F irá a juicio en octubre. Y afirma que extraña a Uma, su nena de tres añitos. También está haciendo el Ciclo Común Básico de la Universidad de Buenos Aires desde el penal. Se acercó al Hogar de Cristo a través de su hermana, quien organiza retiros espirituales y fue a Río de Janeiro al encuentro del Papa Francisco con los jóvenes, en 2013. El deseo de F es cambiar de vida una vez que deje el penal: “Quiero ser radiólogo”, sostiene. Con todo, es consciente del riesgo que entraña “chocar con la calle” una vez que deje Devoto. “No sé si voy a querer agarrar de nuevo lo más fácil o hacer algo distinto”, confiesa. Y después de reflexionar un momento, agrega: “Me gustaría ejercer de padre, quedarme algunos meses con mi hija. No quisiera que en el futuro ella diga ‘mi papá es un chorro’ –ladrón–”.
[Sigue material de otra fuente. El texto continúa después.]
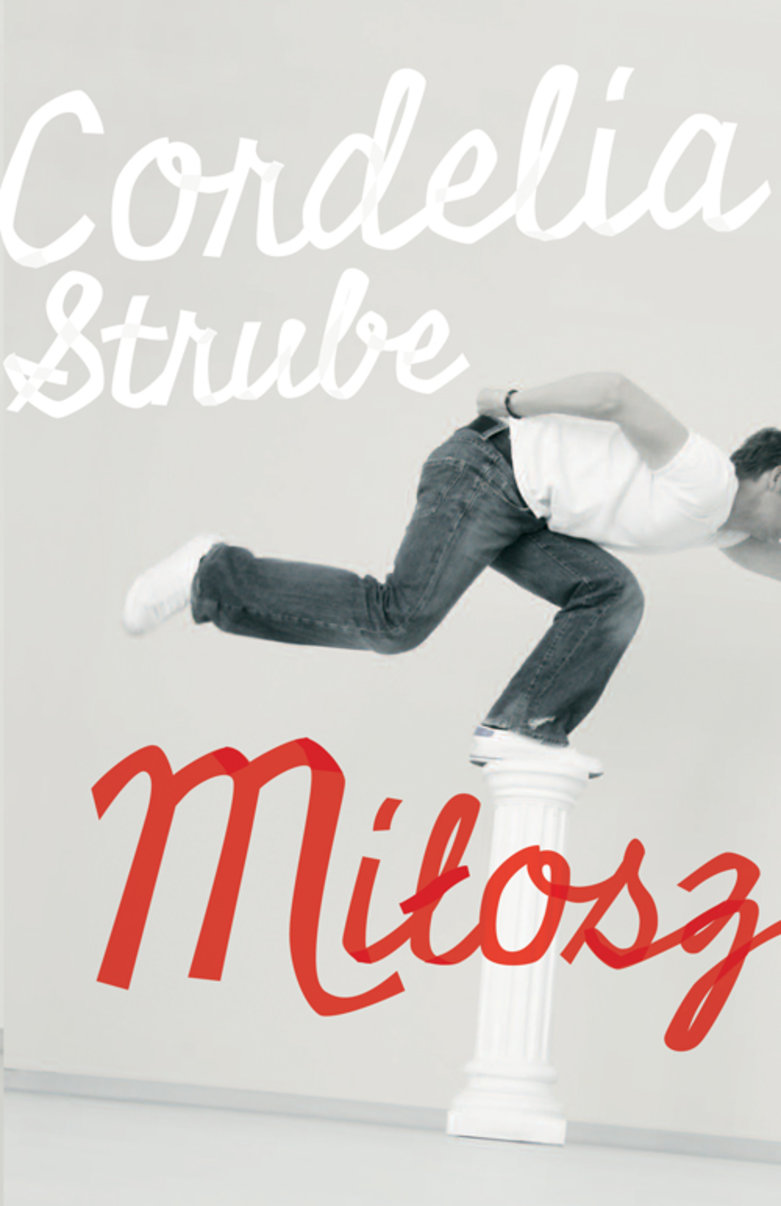 Milosz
G suscribe las palabras de F. “Nos encanaron –encerraron– casi al mismo tiempo”, y como su compañero de prisión también tiene reminiscencias de esos momentos compartidos con su hija, cuyo nombre, María, lleva tatuado sobre la piel. Tienen otras cosas en común. Aseguran que una vez que se convirtieron en padres dejaron de drogarse. Y que posteriores problemas con sus parejas los llevaron a reincidir. “Cuando volví al escabio –al alcohol– y la marihuana, supe que algo malo iba a pasar”, se reprocha.
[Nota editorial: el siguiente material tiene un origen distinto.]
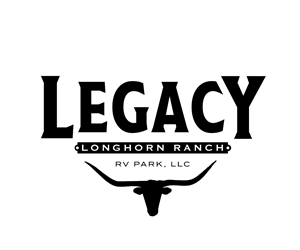 Logo Design by Andrés Sebastián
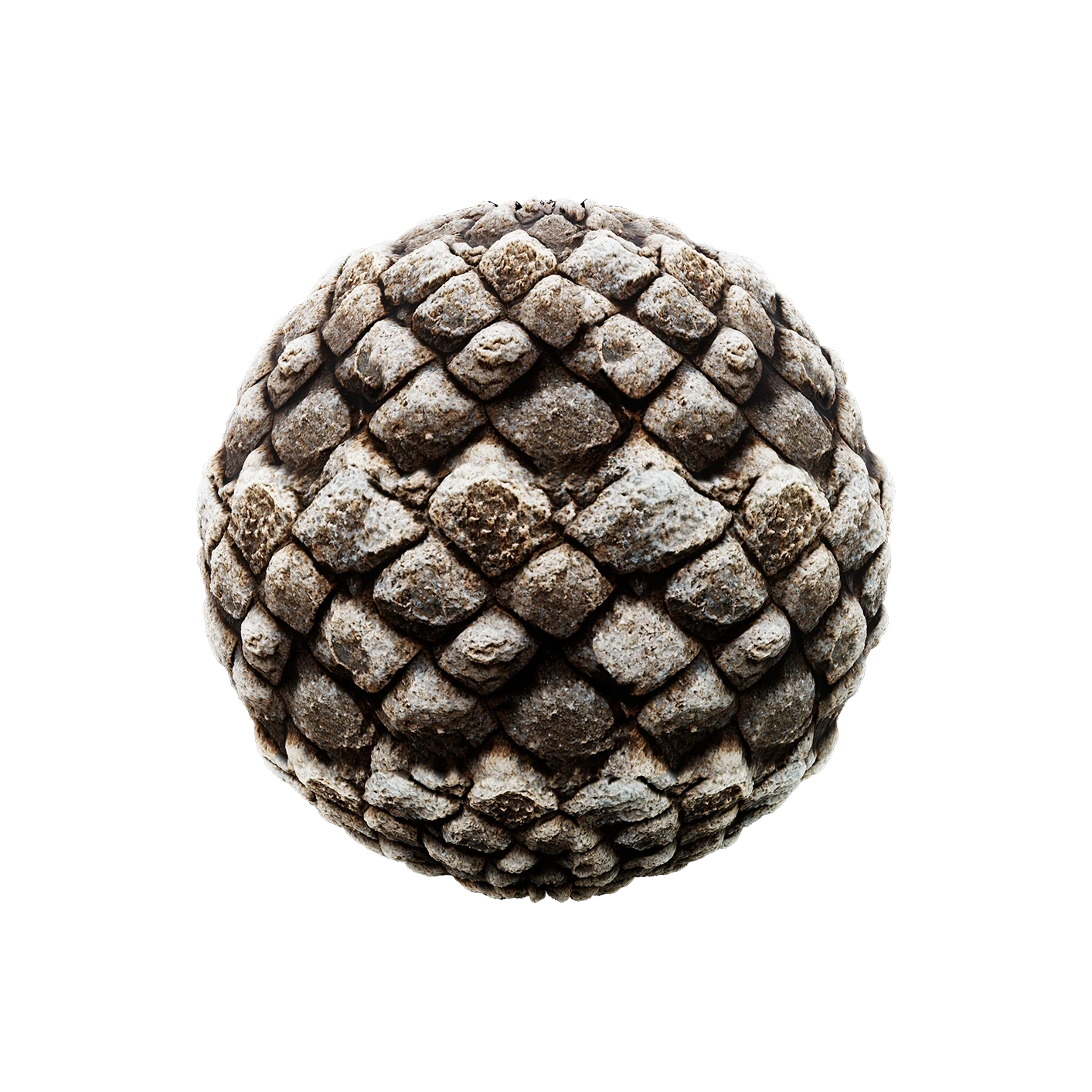 石块地面贴图2505080036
Y llega la catequesis. “Jesús venció a la muerte al entregarse en el Monte Calvario. ¿Podrán ustedes vencer la muerte que los rodea?” La pregunta de las voluntarias gatilla respuestas crudamente sinceras. “Te puedo decir que sí, y después salgo de aquí, y me cruzo con alguien que me hace volver al mal camino. Esto me hace pensar un montón…”, admite G. “¿Muerte?”, se pregunta retóricamente F y se contesta: “A mí me quisieron matar varias veces”. G también estuvo cerca de dejar huérfana a su hijita. “Tuve suerte, el ‘ángel de la muerte’ no me llevó. Por eso sigo vivo”.